Saturday, May 20, 2023

Today’s Saturday Stumper

Today’s Newsday  Saturday Stumper is by “Lester Ruff,” Stan Newman, the puzzle’e editor. It was an easier (less rough) Stumper, but that didn’t stop me from missing by one square, at the intersection of 34-D, four letters, “It means ‘little’” and 42-A, twelve letters, “Emma Watson’s Little Women sister.”

The problem (for me): there are two equally plausible possibilities for 34-D, and if you don’t know how to spell the name of Emma Watson’s Little Women sister — that is, the name of the actor who plays that sister — you might have already dropped in the wrong four-letter answer, as I saw I had when I checked the grid. I’m not sure if that intersection is a deliberately tricky spot or an oversight, but I’m going to offer (in the comments) what I think is a better (fairer) 34-D clue.

Some clue-and-answer pairs of note:

1-A, eight letters, “Earned C’s.” Clever, especially as the first six letters might leave you wondering what else to add. My favorite in this puzzle.

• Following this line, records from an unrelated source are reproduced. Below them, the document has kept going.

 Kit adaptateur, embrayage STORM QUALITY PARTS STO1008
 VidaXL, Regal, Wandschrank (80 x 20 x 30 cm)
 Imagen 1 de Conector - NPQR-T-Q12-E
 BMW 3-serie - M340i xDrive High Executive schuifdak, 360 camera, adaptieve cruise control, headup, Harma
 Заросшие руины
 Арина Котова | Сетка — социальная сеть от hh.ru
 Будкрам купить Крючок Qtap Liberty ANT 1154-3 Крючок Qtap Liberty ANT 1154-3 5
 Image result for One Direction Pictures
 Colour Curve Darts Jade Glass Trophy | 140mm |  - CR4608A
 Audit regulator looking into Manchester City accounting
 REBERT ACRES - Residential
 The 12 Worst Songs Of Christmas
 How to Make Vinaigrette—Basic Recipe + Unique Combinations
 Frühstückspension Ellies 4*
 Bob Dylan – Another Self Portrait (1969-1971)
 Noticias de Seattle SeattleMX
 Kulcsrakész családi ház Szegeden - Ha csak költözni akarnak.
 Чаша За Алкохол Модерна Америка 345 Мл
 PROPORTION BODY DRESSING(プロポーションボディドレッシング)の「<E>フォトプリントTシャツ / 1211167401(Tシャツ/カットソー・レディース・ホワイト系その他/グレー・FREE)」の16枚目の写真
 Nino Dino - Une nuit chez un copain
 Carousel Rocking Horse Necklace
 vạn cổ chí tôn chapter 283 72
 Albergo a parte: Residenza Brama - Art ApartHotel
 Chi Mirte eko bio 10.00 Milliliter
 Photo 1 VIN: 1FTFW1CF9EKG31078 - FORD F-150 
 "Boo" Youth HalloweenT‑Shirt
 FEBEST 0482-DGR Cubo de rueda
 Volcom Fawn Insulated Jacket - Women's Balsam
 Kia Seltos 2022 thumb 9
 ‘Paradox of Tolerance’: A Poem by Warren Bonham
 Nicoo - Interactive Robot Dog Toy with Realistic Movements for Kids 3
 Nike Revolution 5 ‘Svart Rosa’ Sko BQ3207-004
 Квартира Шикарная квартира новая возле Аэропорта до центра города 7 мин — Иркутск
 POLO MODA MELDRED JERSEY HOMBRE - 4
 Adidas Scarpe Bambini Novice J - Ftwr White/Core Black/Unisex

1-D, four letters, “Android ancestors.” I remember mine somewhat fondly.

5-D, three letters and 57-A, eight letters, “Spiritual leader’s resource.” I don’t get either answer.

6-D, seven letters, “Second shots.” Takes me back.

7-D, six letters, “Word from the Greek for ‘milk.’” I learned it from a friend not long ago.

15-A, eight letters, “Cleaner named for its ‘round-the-clock’ value.” Cleaner? Eww.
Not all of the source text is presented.